Ela estudou o youtuber Eduardo Marinho, no canal “Observar e absorver”, onde há abordagens mais filosóficas e reflexões críticas fora do padrão. Também analisou canais mais focados em práticas, como o “Pri Leite Yoga”, que oferece aulas da prática gratuitamente, e o “Pensando ao contrário”, focado em comida saudável, receitas e vida sustentável, que bate de frente com a indústria. Analisou ainda perfis com a visão de profissionais da saúde, como o “Saúde da mente”, do psiquiatra Marco Abud.
Dois canais selecionados misturam bem-estar, autoconhecimento e espiritualidade: “Ser felicidade” e “Cadu Cassau”. Outro grupo abrange canais voltados à organização e à produtividade, como “Thaís Godinho – Vida organizada”. Finalmente, a tese incluiu em seu recorte de análise dois canais que usam o cuidado de si para discutir questões sociais, como “A voz da razão”, que fala sobre o envelhecimento de forma positiva; e o canal da comunicadora e cientista social Nátaly Neri, que liga veganismo e sustentabilidade, com discussões sobre raça, gênero e classe.


Contrafluxo
No geral, diz Hadler, os youtubers sugerem prestarmos atenção em nós mesmos, desacelerarmos e irmos contra a maré, com falas como “respeite-se”, “cuide-se”, “espere um pouco” ou, algumas mais incisivas, como “gente, acorda”. A questão do tempo está muito presente, com recomendações como “respire” ou “tire um tempo para você”.

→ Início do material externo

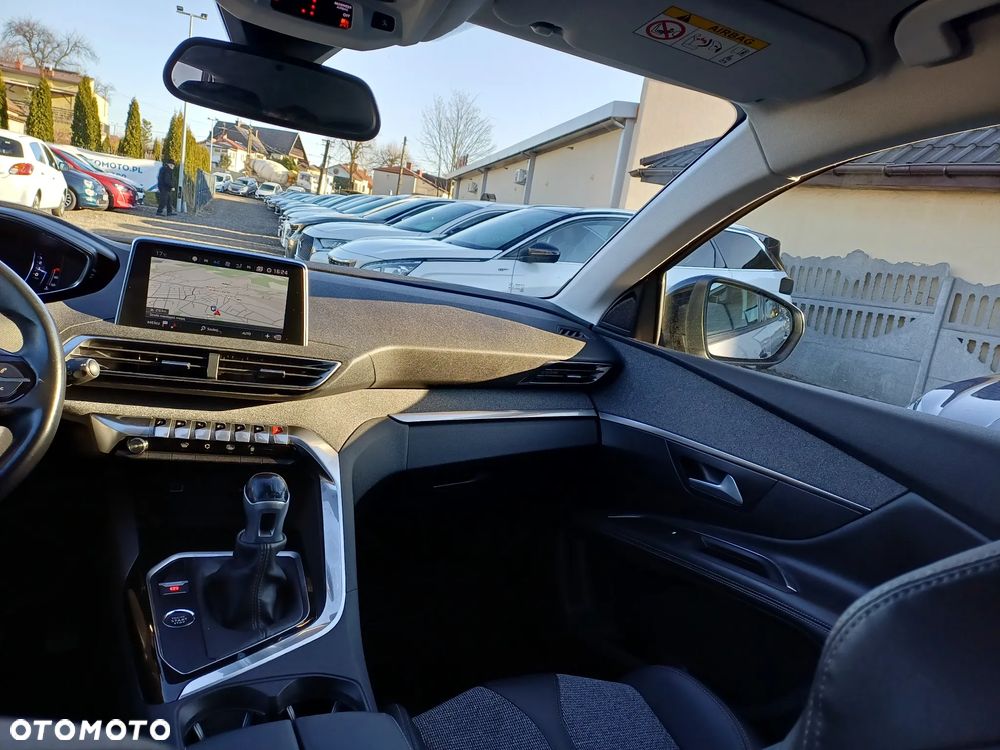 Peugeot 3008 1.2 PureTech Allure S&S - 21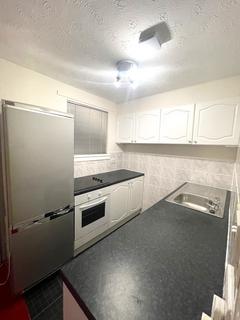 Studio to rent, Beechwood Drive, Alexandria G83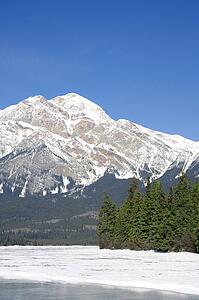 A winter mountain scene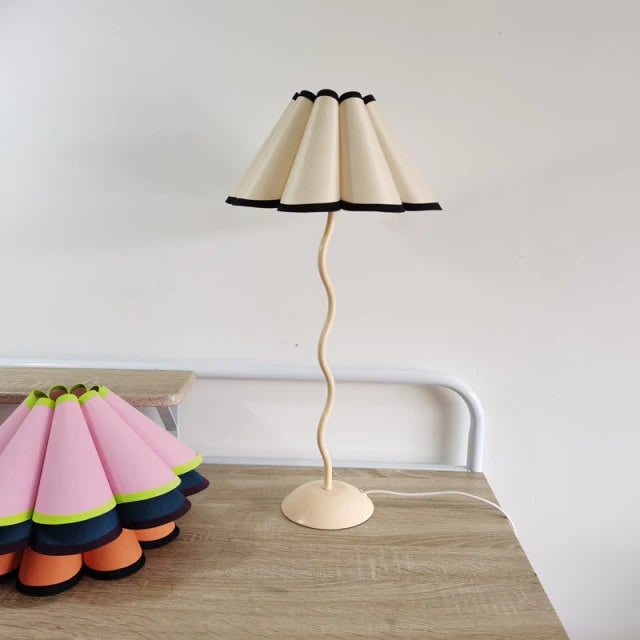 Nordic-style tulip table lamp for living room and atmosphere lighting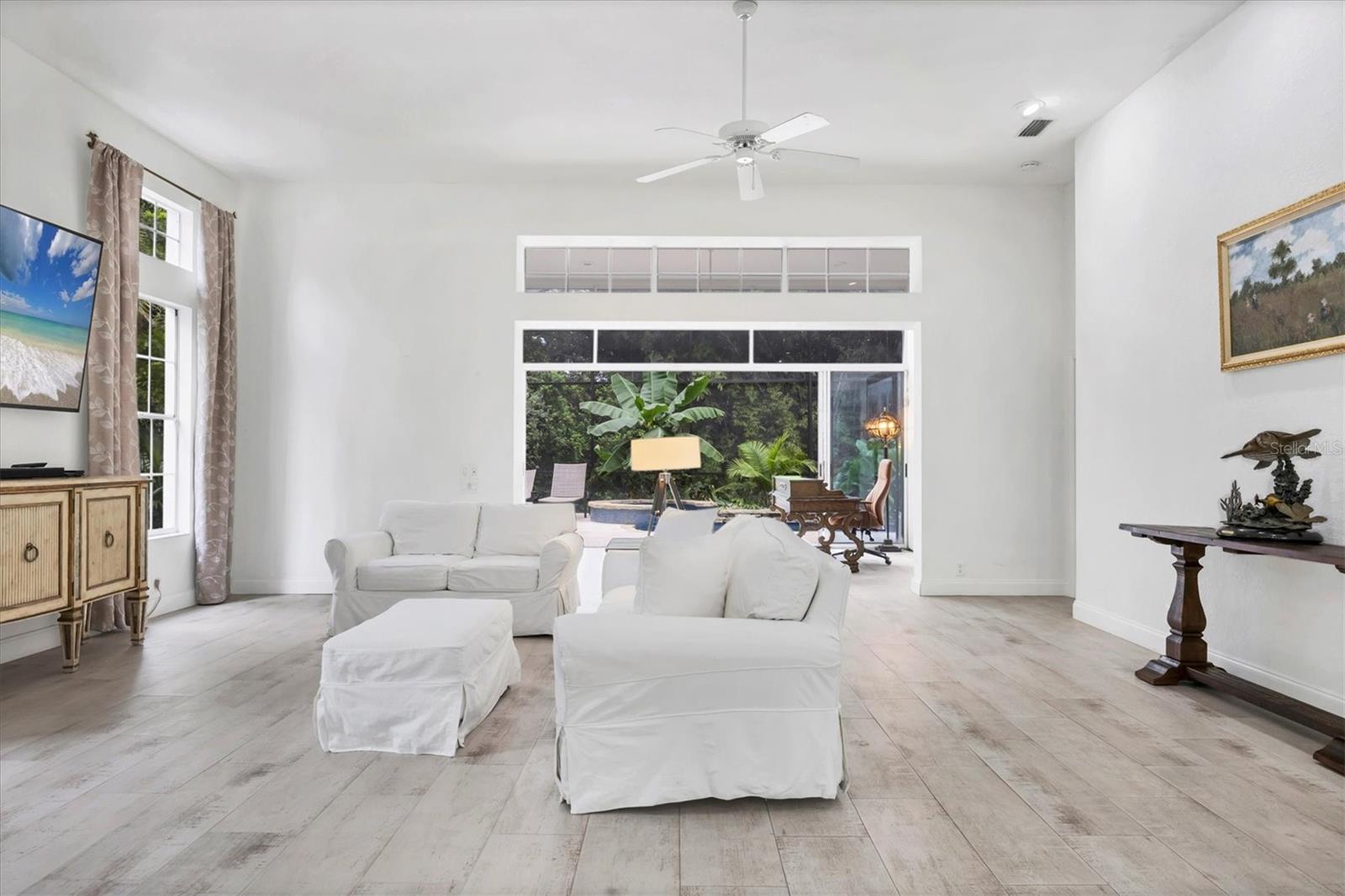 UNIVERSITY PARK COUNTRY CLUB - Residential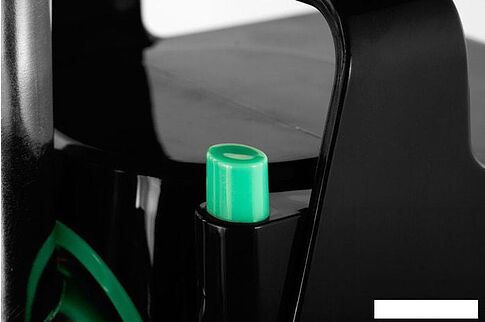 Мясорубка StarWind SMG4480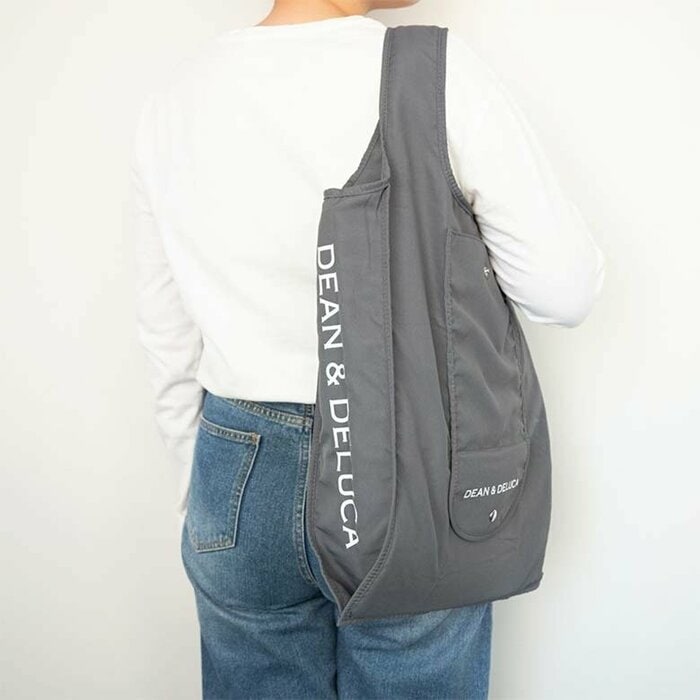 ブラックよりも少しだけ柔らかく、ニュアンスのある印象を与えてくれる新定番カラー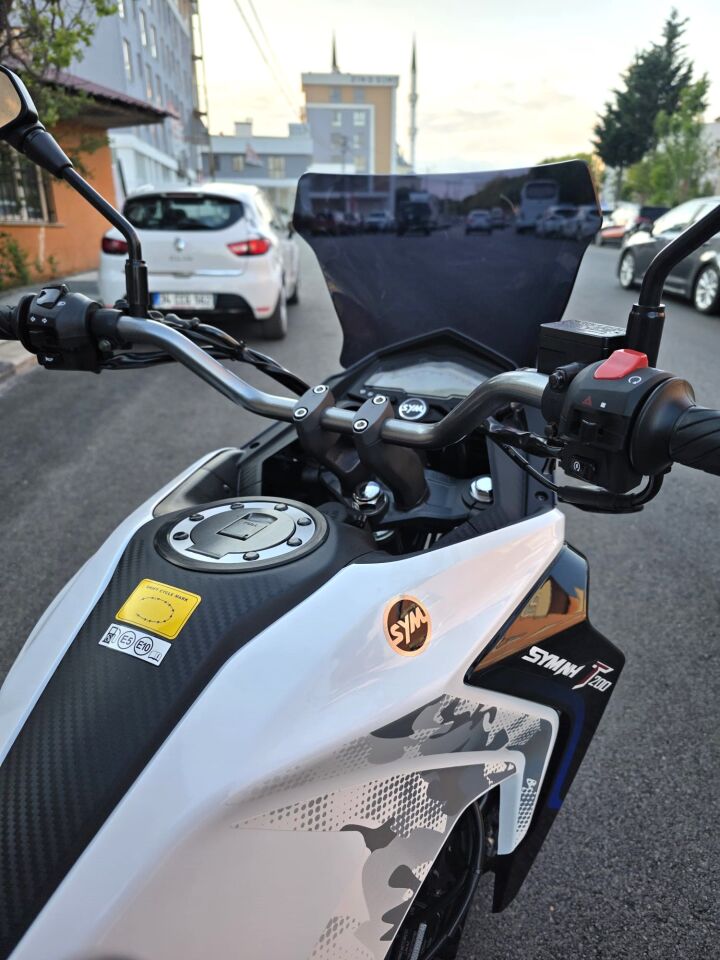 MOTOCAM SYM NHT 200 Ön Cam 2023-2026 Model 30cm Siyah Renkli 4mm SPORTİF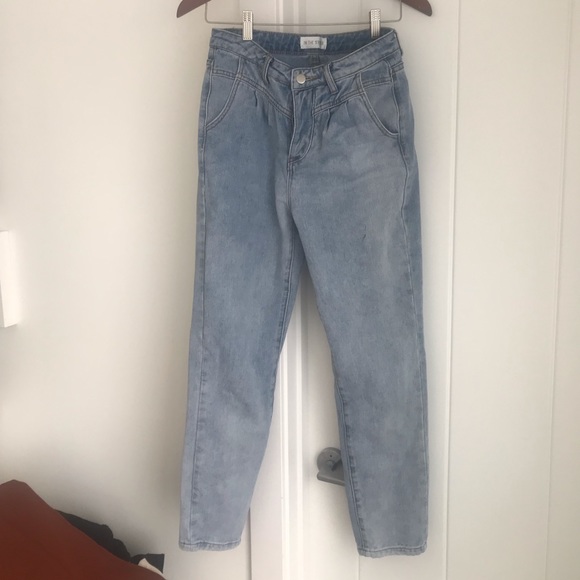 High rise butt fly cropped jeans. - Picture 9 of 9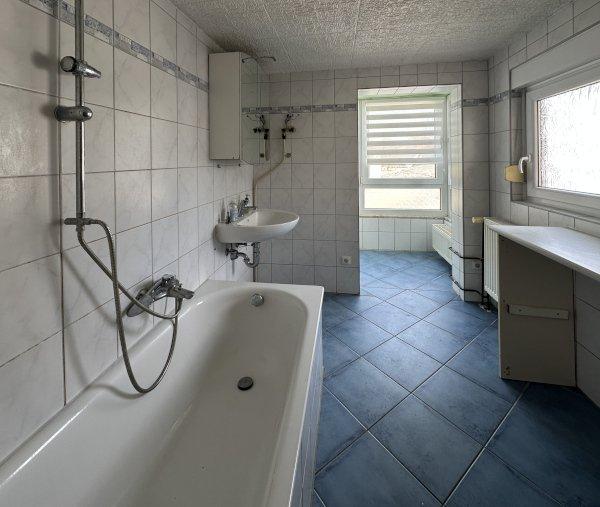 Einfamilienhaus Villmar - 5 Zimmer, 168 m&sup2;, 120.000&euro; | Angebot:26039507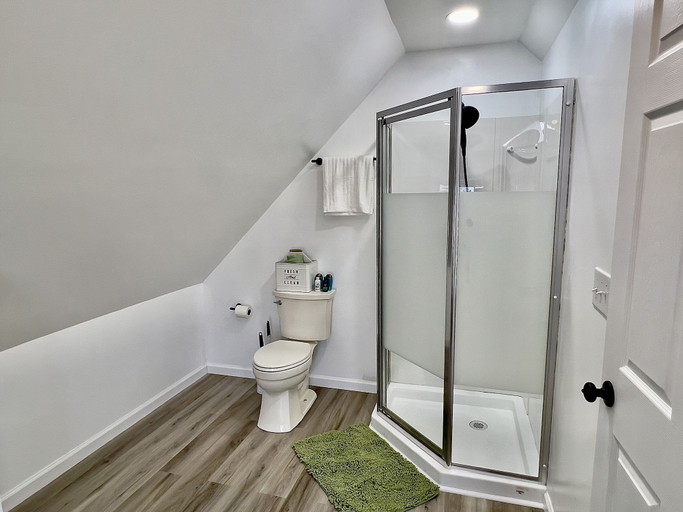 Bathroom, Sky parlor with river view, Dearborn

No recorte do estudo, os canais têm entre 100 mil a 4 milhões de seguidores. “Querendo ou não, tem uma questão mercadológica das plataformas, mas se eles não estivessem ali não seriam ouvidos”, pontua a autora da tese. Ao mesmo tempo, diz ela, nem tudo se mobiliza só por interesse comercial, até porque alguns têm financiamento coletivo.
“Um traço que observei nesse discurso de práticas de cuidado de si é que ele é poroso, vai se misturando a partir de encontros com outros discursos, o que é inevitável no contexto contemporâneo atual. Não é um contrafluxo límpido. Chamo isso de porosidade discursiva”, analisa Hadler.
Na avaliação do professor, esses discursos são “primos distantes” dos discursos de autoajuda, que apresentam fórmulas prontas. Mas, continua Possenti, não são a mesma coisa. No discurso do cuidado de si, a reflexão é que o mundo pode estar ruim, mas há pequenos espaços para melhorar, “está em suas mãos”. O sujeito “deixa” de ser um robô para ter uma certa autonomia. “Isso não significa que ele está fora do sistema”, destaca o professor. “A linguagem oferece uma brecha. Sempre há esse espaço de ‘liberdade’ no sistema.”
Na tese, Hadler vê o sujeito com essa autonomia possível. “Acredito que também temos capacidade de escolher o grau de assujeitamento ao qual vamos nos submeter, ainda que todos nós estejamos inseridos na sociedade, soframos diversos atravessamentos e sejamos assujeitados”, conclui a pesquisadora.